The most valuable asset your company has right now is not your hustle. It is your judgment. And you cannot have good judgment if you are running on fumes.
The Strategic Case for “B-minus” Work
So, how do we rest when the stakes feel this high? We have to ruthlessly lower the bar.
Perfectionism is a luxury for calm times. In a crisis, perfectionism is a trap. It keeps you tweaking a slide deck at 11:00 PM when you should be sleeping. It keeps you obsessing over the perfect wording of an email instead of sending a “good enough” draft and moving on.
I am giving you official permission to do B-minus work this weekend.
“B-minus work” does not mean being sloppy. It means recognizing the law of diminishing returns. The difference between an A+ strategy and a B- strategy often takes 10 hours of work, but the outcome is usually the same.

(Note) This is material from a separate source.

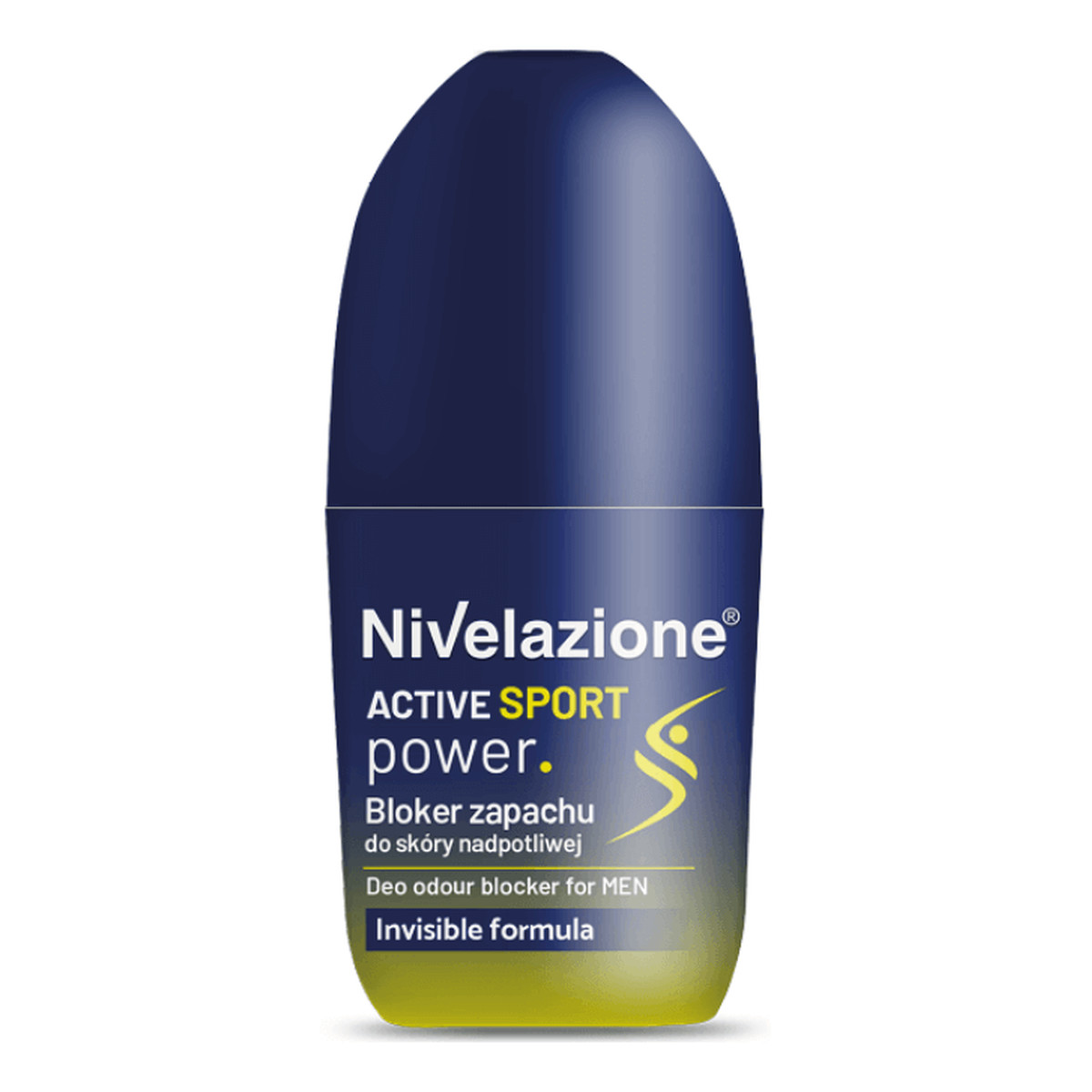 Farmona Nivelazione Men Bloker zapachu Active Power do skóry nadpotliwej i dla uprawiających sport 50ml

Right now, we need volume and velocity, not polish. We need you to make a decision and move, not agonize over making the perfect decision.
The Framework: Glass Balls vs. Rubber Balls
If you are struggling to figure out what to drop, use the classic metaphor from Brian Dyson (former CEO of Coca-Cola).
Imagine life is a game of juggling five balls. You are juggling them in the air: work, family, health, friends, and spirit.
You will soon understand that work is a rubber ball. If you drop it, it will bounce back. The project will be delayed, the client might be annoyed, but the business will likely survive.
But the other four balls (family, health, friends, and spirit) are made of glass. If you drop one of these, they will be irrevocably scuffed, marked, nicked, damaged, or even shattered. They will never be the same.
This weekend, look at your to-do list.
The Rubber Balls: The email that can wait until Monday. The laundry that isn’t folded. The LinkedIn post you didn’t write. Let them drop. They will bounce.
The Glass Balls: Your sleep. Your patience with your children. Your connection with your partner. Your own sanity. Catch these. Each time they drop, they crack.
Your Weekend Assignment
Your only job this weekend is to protect the glass balls.
Disconnect from the news. Close the laptop. Do not try to “get ahead” for next week, because next week will bring its own challenges regardless of how many emails you answer on Sunday.
You cannot lead a resilient team if you are brittle.
Rest is not the absence of work; it is the fuel for it. Go recharge your battery, because the world needs you fully charged on Monday morning.